In early April 2026, two things happened at Anthropic on the same day. The company announced its revenue run rate had crossed $30 billion annually, up from $9 billion at the end of 2025. And Broadcom confirmed a deal to supply Anthropic with 3.5 gigawatts of tensor processing unit capacity, built on Google's TPU architecture, with deployment beginning in 2027. The revenue figure and the compute deal were not coincidental. One explained why the other was necessary.
Revenue at $30 Billion
Anthropic's revenue trajectory over the past 14 months sits outside the normal frame of reference for software company growth. The company entered 2024 generating roughly $87 million on an annualized basis. By the end of 2025, that figure was $9 billion. By early April 2026, it had crossed $30 billion, a more than threefold jump in under three months.
The growth is concentrated in a small number of products. Claude Code, the company's agentic software development tool, launched publicly in mid-2025 and hit $1 billion in annualized revenue within six months. That pace has continued. Claude Code is now described internally as the fastest-growing product in Anthropic's history and, by several external measures, one of the fastest-growing software products on record. API revenue from Anthropic's broader 80-fold first-quarter growth is compounding alongside it, with more than 1,000 enterprises now spending over $1 million per year with the company, up from 500 when the company closed its Series G in February.
Key Facts
- Revenue run rate (April 2026)$30 billion
- Revenue run rate (December 2025)$9 billion
- New Broadcom TPU compute3.5 gigawatts
- Compute deployment start2027
- Enterprise customers ($1M+/yr)1,000+
- Claude Code ARR (within 6 months)$1 billion
The Broadcom Deal
The compute side of the April 6 announcement centers on Broadcom. The chip company has agreed to supply Anthropic with 3.5 gigawatts of TPU-based capacity, built around Google's tensor processing units and structured to give Anthropic dedicated access rather than shared cloud allocation. Broadcom's involvement reflects the increasingly layered supply chain of frontier AI compute: Google designs the chips, Broadcom handles integration and manufacturing of key components, and Anthropic operates the workloads running on top.
The 3.5-gigawatt figure represents new infrastructure, not reserved existing capacity. It sits alongside the 5 gigawatts Google committed under a separate direct investment partnership announced on April 24, giving Anthropic a combined pipeline of more than 8 gigawatts of compute coming online over the next two years. For reference, Anthropic's current production infrastructure is estimated to require between 500 megawatts and 1 gigawatt to serve its existing traffic load. The new capacity is sized for a company operating at several times today's scale.
"Our run-rate revenue has surpassed $30 billion, up from $9 billion at the end of 2025, as demand for Claude continues to accelerate. This partnership gives us the compute to keep pace." Anthropic, statement on the Broadcom and Google compute deals, April 2026
Enterprise Momentum Driving the Numbers
The $30 billion run rate is not a product of a single large contract or a few outsized deals. It reflects a broad shift in how enterprises are procuring AI. In February 2026, when Anthropic closed its Series G financing, more than 500 customers were each spending over $1 million per year. By early April, that count had passed 1,000, a doubling in less than two months.

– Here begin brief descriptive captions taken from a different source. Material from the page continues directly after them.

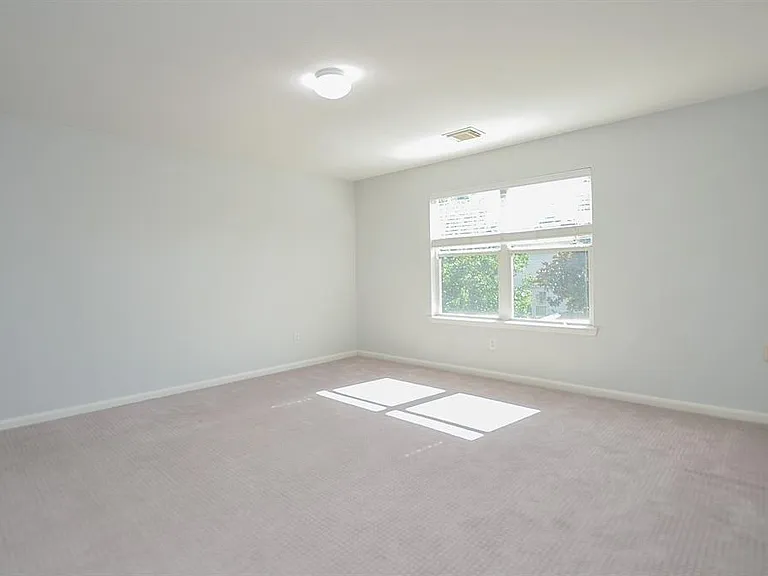 2219 Gable Hollow Ln — Photo 29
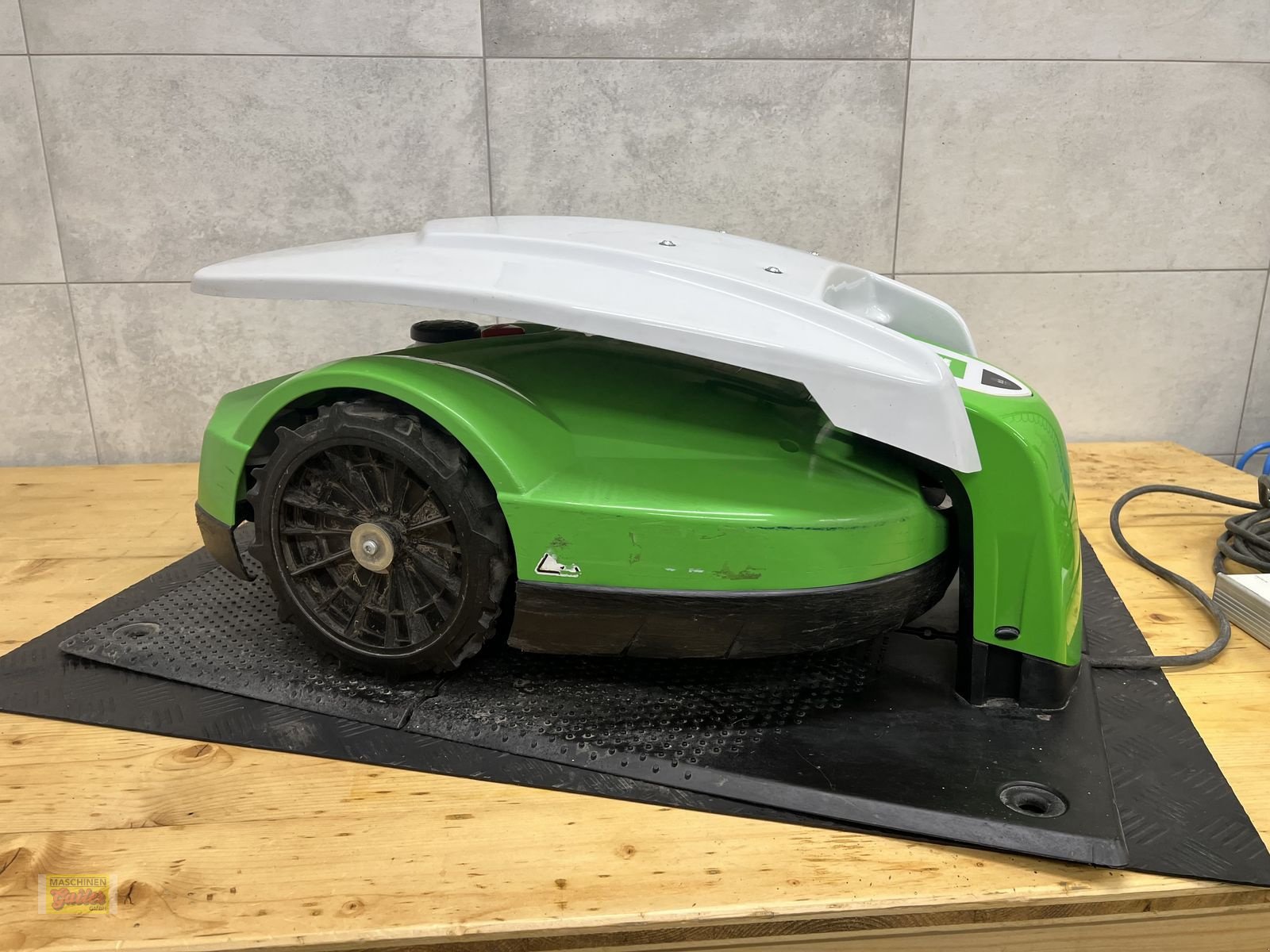 Mähroboter des Typs Sonstige Viking iMow Mi 632, Gebrauchtmaschine in Kötschach (Bild 1)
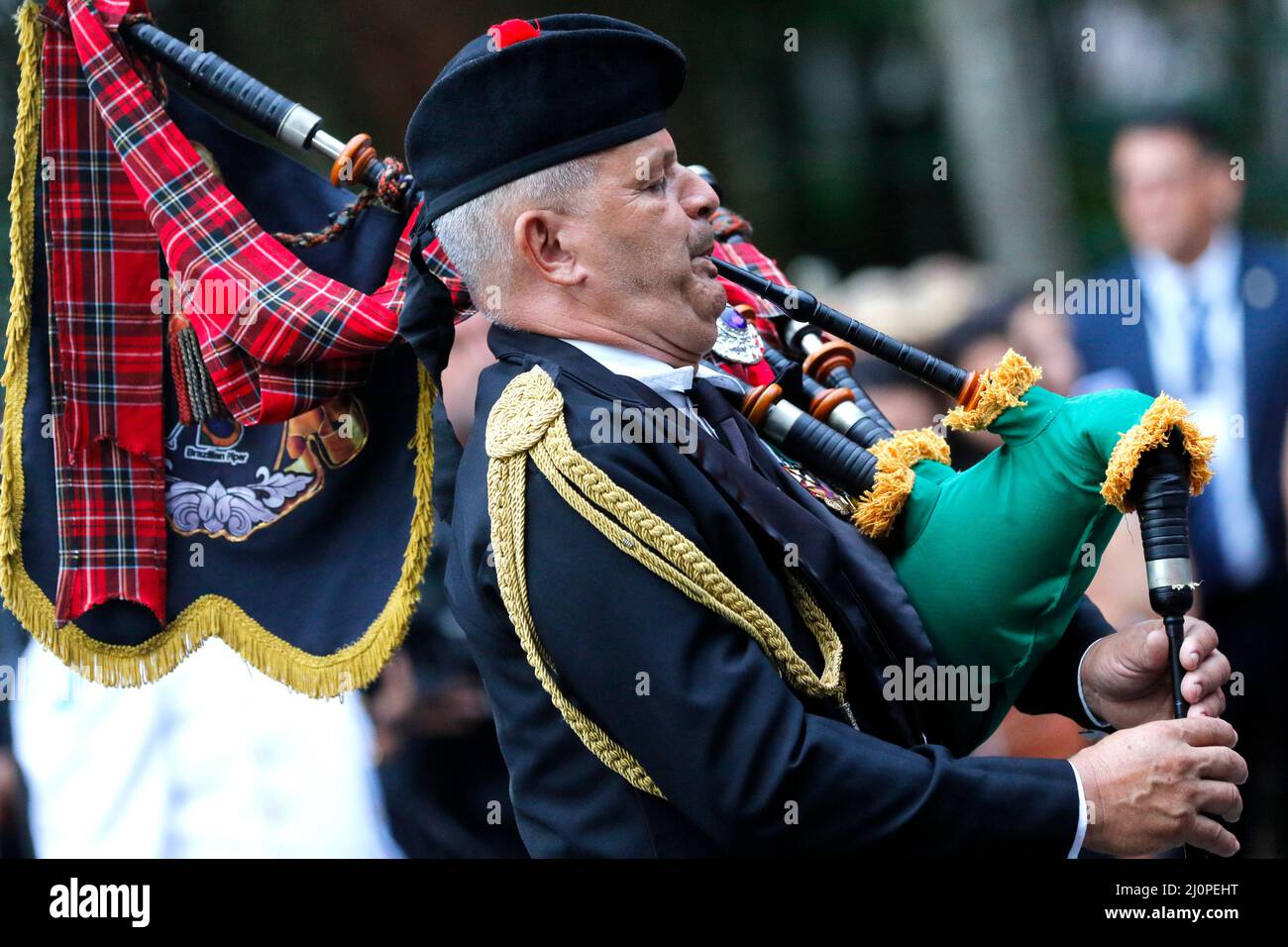 Cornemuse de cornemuse vêtue jouant des instruments de musique, typique de la tradition scotisch à la parade de rue Banque D'Images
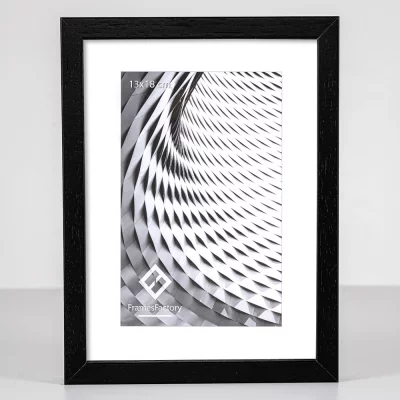Houten kader Tisar 30x40 cm | zwart | kunstglas (1 mm)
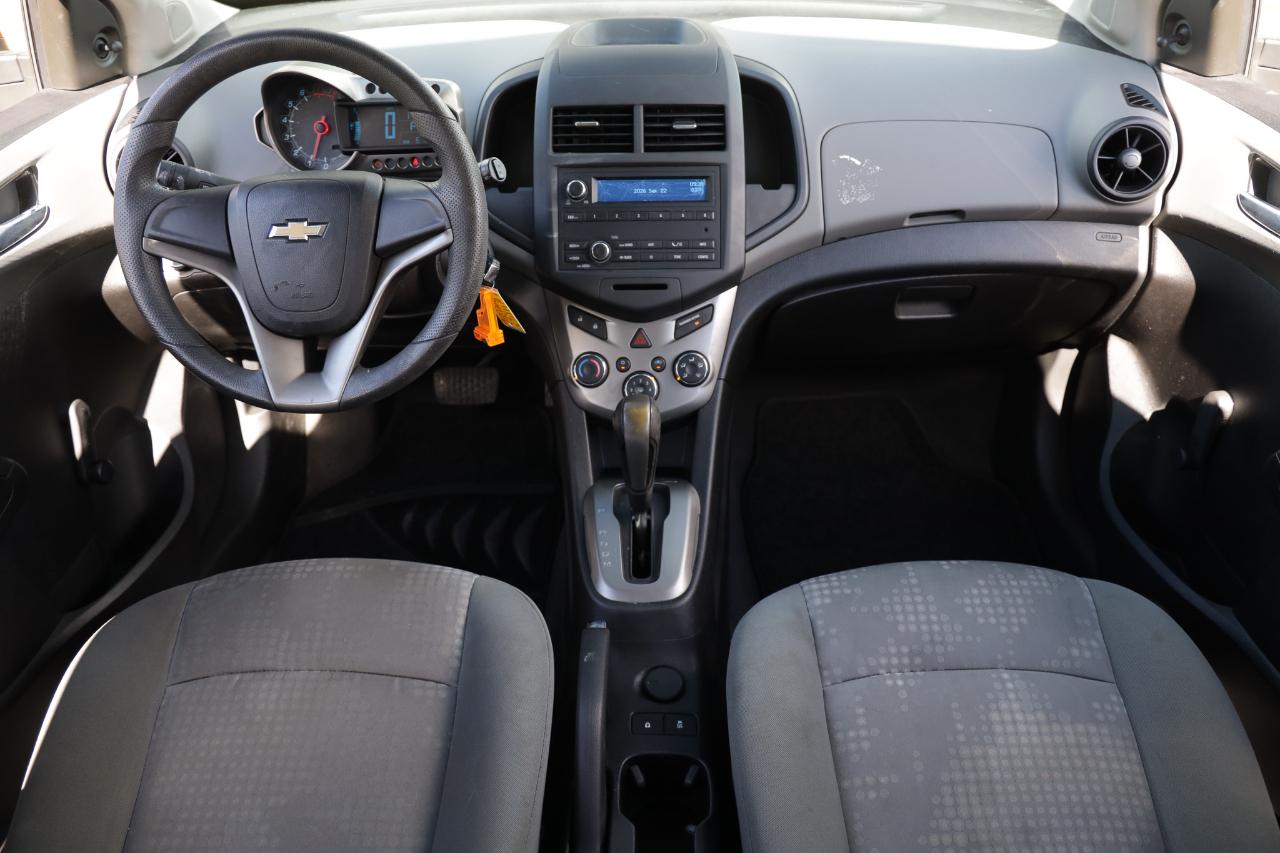 Chevrolet Sonic photo 2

The businesses spending at that level span industries: pharmaceuticals, financial services, legal services, and software development all appear prominently. Bristol Myers Squibb deployed Claude across its drug discovery and research workflows. Goldman Sachs built agentic trading research tools on the Claude platform. Law firms using Claude's legal MCP connector ecosystem represent a growing share of the company's revenue, with adoption accelerating across large practices in the United States and Europe.
What Comes Next
Anthropic has provided limited forward guidance but has indicated that its revenue trajectory is not expected to flatten in the near term. The company's model roadmap includes at least two major releases in the second half of 2026, and enterprise partnership announcements have continued at a pace that has exceeded both internal and analyst expectations.
The compute secured in the Broadcom and Google investment deals gives Anthropic the infrastructure to serve demand at a scale that its existing capacity could not support. Whether revenue growth continues near its current rate depends on whether demand for AI-assisted software development and enterprise automation reaches a saturation point that, as of mid-2026, shows no clear signs of approaching. Anthropic's own planning models anticipated 10-fold growth in 2026. Actual first-quarter performance came in at 80-fold. The gap between those two numbers is as accurate a measure of the moment as any.